Machine-Learning Algorithm for Improved Speech Intelligibility in Noise
A monaural machine-learning algorithm for classifying time-frequency units in an unknown signal, which results in marked speech-intelligibly improvements in noisy signals.
A primary complaint of hearing-impaired (HI) listeners is poor speech recognition in background noise. This issue can be quite debilitating and persists despite considerable efforts to improve hearing technology. Despite considerable effort, monaural (single-microphone) algorithms capable of increasing the intelligibility of speech in noise have remained elusive. Successful development of such an algorithm is especially important for hearing-impaired (HI) listeners, given their particular difficulty in noisy backgrounds.
Researchers at The Ohio State University, led by Dr. Eric Healy, have developed an algorithm using time-frequency masking to separate speech from noise in audio signals of various signal-to-noise ratios. The algorithm combines the computational simplicity of an Ideal Binary Mask (IBM) with the sound quality of an Ideal Ratio Mask (IRM) in order to attain intelligibility results equal to or superior to the IRM at computational loads only marginally larger than the IBM.
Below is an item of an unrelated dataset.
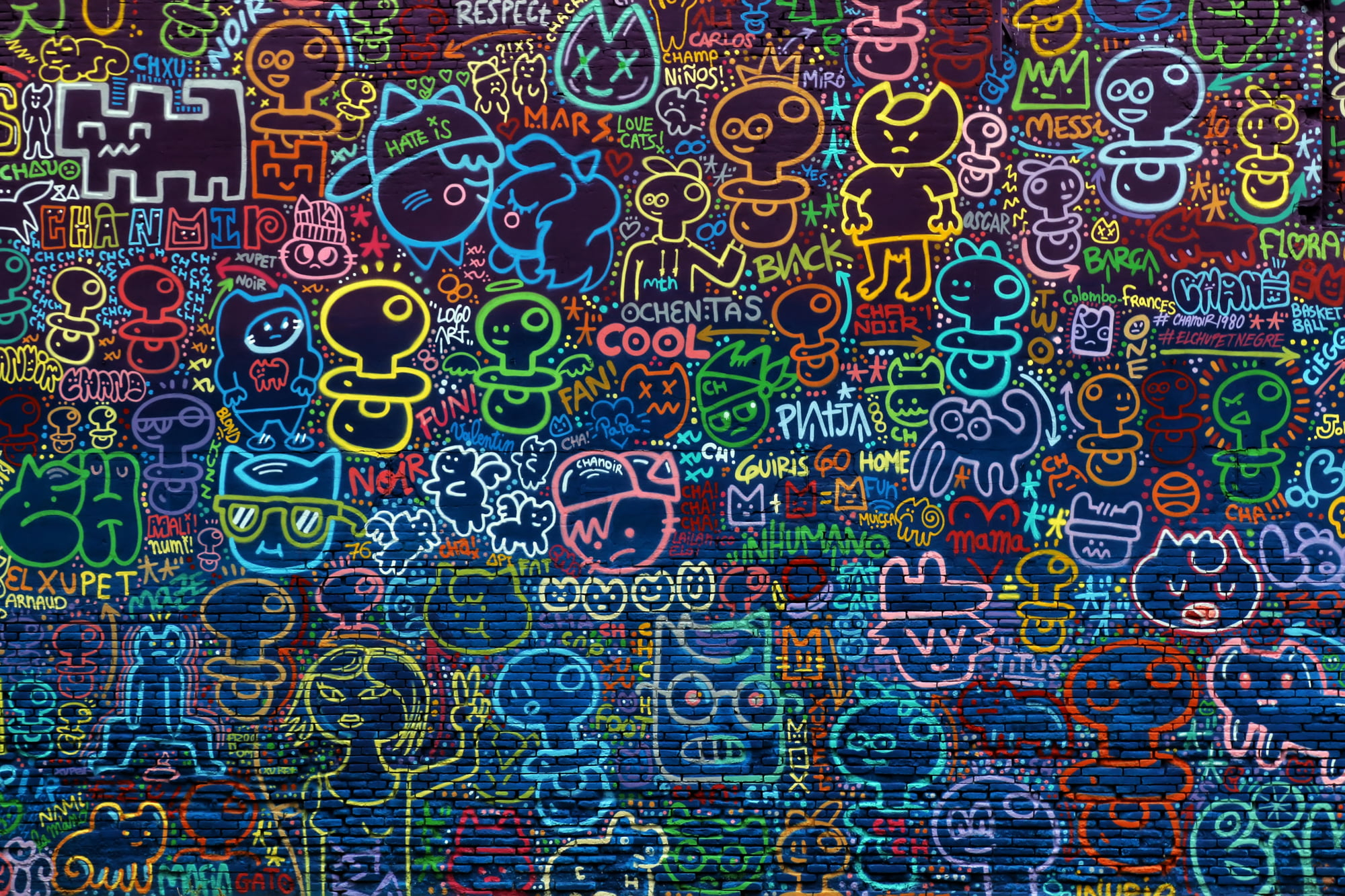 Wallpaper Multicolored Doodle Art, Background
An IBM is a binary system that assigns a value of 0 or 1 to each time-frequency unit based on its signal-to-noise ratio (SNR). Units with a poor SNR are assigned a 0 and attenuated, resulting in an output signal containing only t-f units dominated by speech. In the IRM, signals are again attenuated based on SNR, but they can be assigned any value between 0 and 1 resulting in a smoother output. The Ideal Quantized Mask (IQM) developed by OSU’s research team utilizes both methods. Instead of IBM’s two attenuation levels, the IQM classifies each t-f unit into any number of discrete categories. While this means that the IQM could theoretically have an infinite number of categories, with just eight attenuation levels the IQM achieves IRM level intelligibility, far higher than the IBM without the need to engage in IRM’s regression calculations. Like the other masks, the IQM can be estimated directly from the speech-plus-noise mixture using a machine-learning algorithm.